Fujifilm · ISO 100 B&W negative
Fujifilm Acros II
Acros II arrived in 2019 to replace the original Acros 100 after Fujifilm discontinued it in 2018. Final coating is handled by Harman Technology in the UK, the company that operates the Ilford Photo brand, while Fujifilm still produces the emulsion at its Ashigara plant in Japan, which raised some eyebrows among longtime Acros users. Whether it is strictly identical to the original is a debate that fills forum threads without resolution. What matters is that it behaves like the original in the one property that made Acros famous: reciprocity failure is nearly absent.
The reciprocity exponent sits at 1.0, which is exceptional. Most films start failing noticeably somewhere past a second. With Acros II, a two-minute exposure in the viewfinder is very close to a two-minute exposure at the negative. Long-exposure workers shooting waterfalls, seascapes, or night cityscapes can meter a scene, confirm the reading passes one second, let Zone Light Meter apply its reciprocity correction, and trust the result. In practice the correction is so small it barely moves the shutter time. Some photographers skip it and come back with perfectly exposed negatives anyway. The math still matters, but this is the film where it matters least.
Grain structure is tabular, the same technology that put Acros in a different class from T-Max and Delta when it first appeared in 2000. At ISO 100 in 35mm the grain is tight enough that you can print or scan at large sizes without the texture becoming a character choice rather than a limitation. In medium format the grain disappears almost entirely.

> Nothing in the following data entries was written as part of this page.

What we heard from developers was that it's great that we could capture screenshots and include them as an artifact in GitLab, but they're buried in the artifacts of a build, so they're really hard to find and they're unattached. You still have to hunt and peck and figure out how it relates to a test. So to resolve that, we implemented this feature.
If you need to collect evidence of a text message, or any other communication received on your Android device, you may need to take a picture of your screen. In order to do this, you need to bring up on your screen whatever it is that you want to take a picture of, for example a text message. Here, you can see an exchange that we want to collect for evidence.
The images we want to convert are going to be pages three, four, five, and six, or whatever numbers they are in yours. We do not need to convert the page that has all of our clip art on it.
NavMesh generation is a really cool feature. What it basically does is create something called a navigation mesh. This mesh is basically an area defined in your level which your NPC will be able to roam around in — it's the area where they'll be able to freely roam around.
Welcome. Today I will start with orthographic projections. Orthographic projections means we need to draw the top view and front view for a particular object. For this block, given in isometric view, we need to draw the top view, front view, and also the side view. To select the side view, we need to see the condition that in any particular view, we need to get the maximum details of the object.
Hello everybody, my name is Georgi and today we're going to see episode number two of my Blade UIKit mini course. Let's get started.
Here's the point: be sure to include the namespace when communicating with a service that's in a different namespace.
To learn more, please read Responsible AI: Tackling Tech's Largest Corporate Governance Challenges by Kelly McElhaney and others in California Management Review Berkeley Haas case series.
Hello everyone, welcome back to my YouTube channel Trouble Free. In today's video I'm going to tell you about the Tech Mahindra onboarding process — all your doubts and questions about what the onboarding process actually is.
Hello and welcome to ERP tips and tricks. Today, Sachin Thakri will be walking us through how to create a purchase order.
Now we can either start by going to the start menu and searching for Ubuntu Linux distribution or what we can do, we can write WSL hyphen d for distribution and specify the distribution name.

Tone rendering is where the film earns its reputation. The midtone gradation is long and smooth, with just enough shoulder compression to handle difficult contrast ratios without the highlights blowing. For architectural and industrial work, where detail in both the shadow of an eave and a sun-bleached wall matters, Acros II handles more zones cleanly than most competitors at this speed.

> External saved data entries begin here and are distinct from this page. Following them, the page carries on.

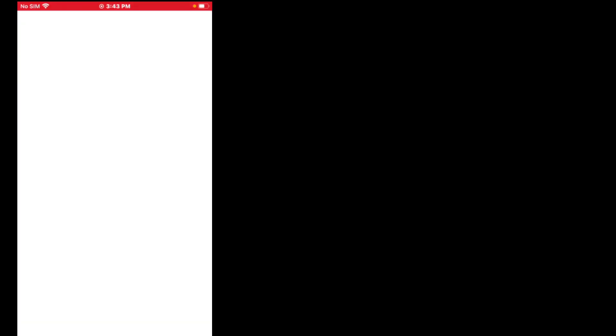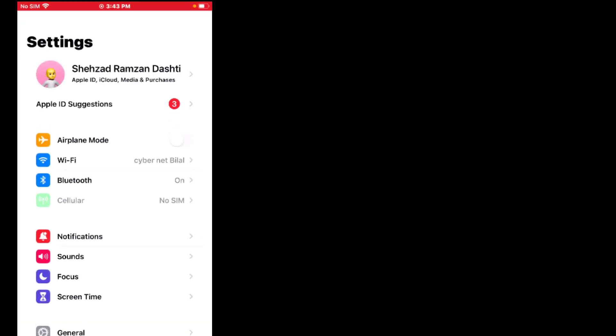Without wasting any time, let's start. Solution number one: refresh airplane mode. Tap on Settings, toggle airplane mode on, wait 10 to 20 seconds, then toggle it back off and the problem is fixed. If solution number one is not working, apply solution number two.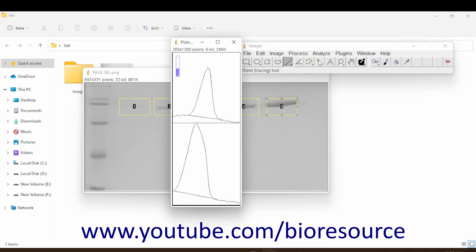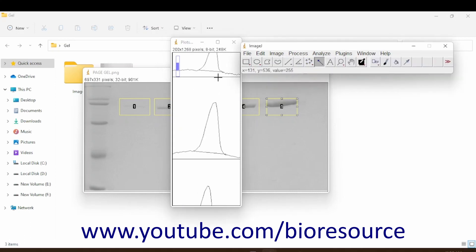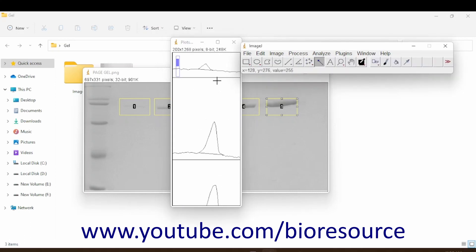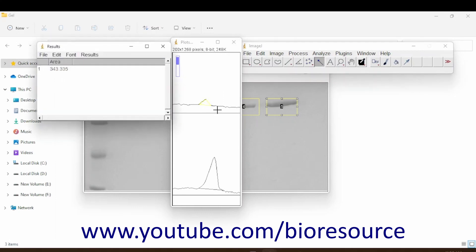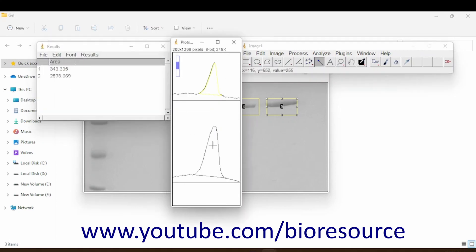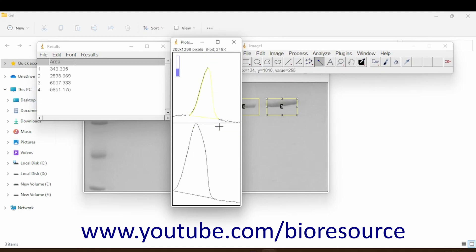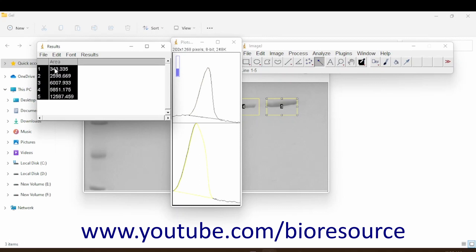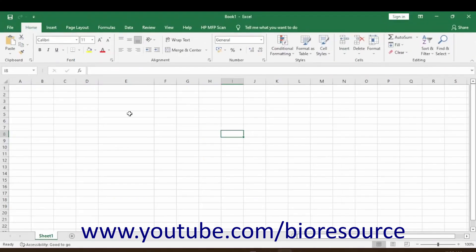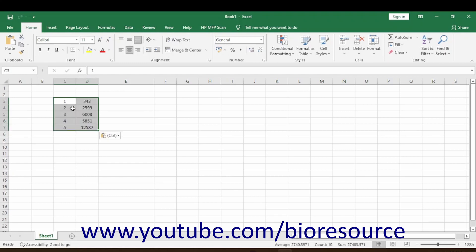Use the wand tool to mark the area under each peak. We have the first one, second one, third one, fourth one, and the fifth one. Now you can copy all of these values into an Excel sheet.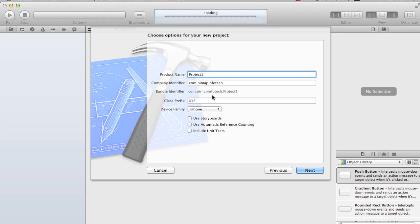Class prefix you keep it empty. We are going to start with the iPhone and then we are going to port it to the iPad. We won't be using any iOS 5 features like storyboard or automatic reference. So we say next.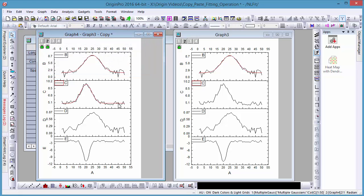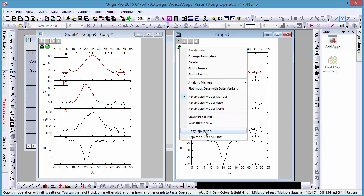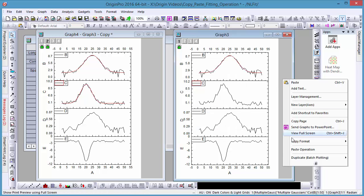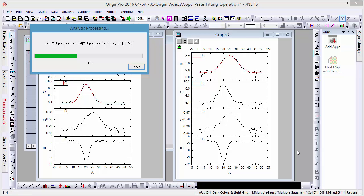To paste to all panels in the graph, make sure you right-click outside of any of the panel frames and do the same.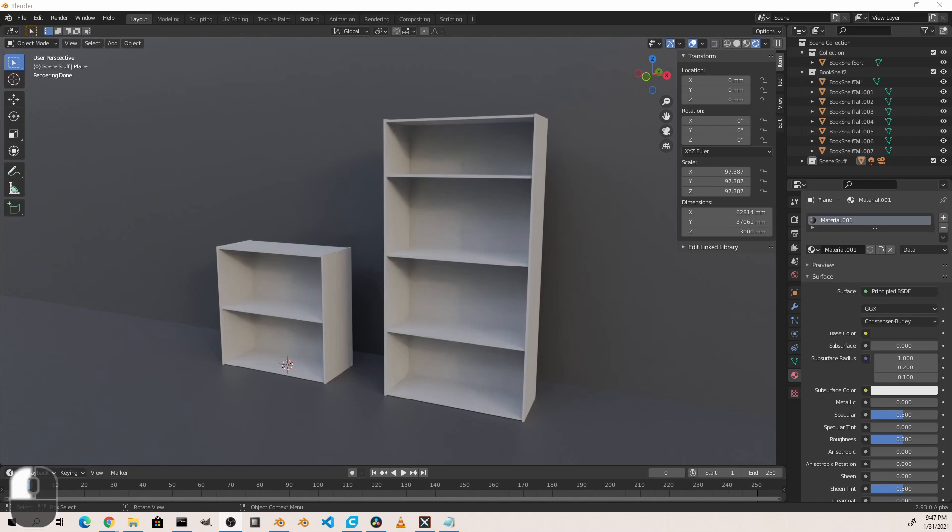Hey everyone, Johnny here. I wanted to take a few minutes to go over the new asset browser feature in Blender 2.93 alpha.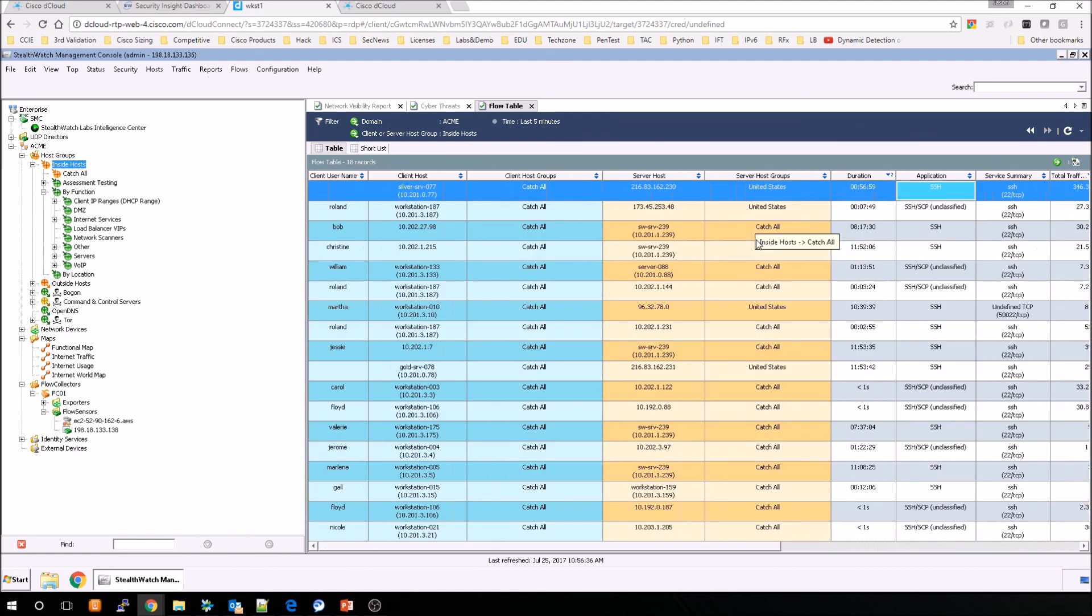So it's very easy to filter the data or the flows that you're very interested in. And that's it, folks.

Available in 35mm, 120, and 4x5 sheet film. The sheet sizes are in limited annual production runs. Buy when you see them.
How the app handles this stock
- Box speed: ISO 100. Picker exposes pull/push chips so you can shoot it at any speed you want and the meter follows.
- Reciprocity: No reciprocity correction needed; metered time is the shot time.
- Expired film: if you load an old roll, set the expiry year and storage in the app and the ISO scales for you. B&W negative decay rates are baked in.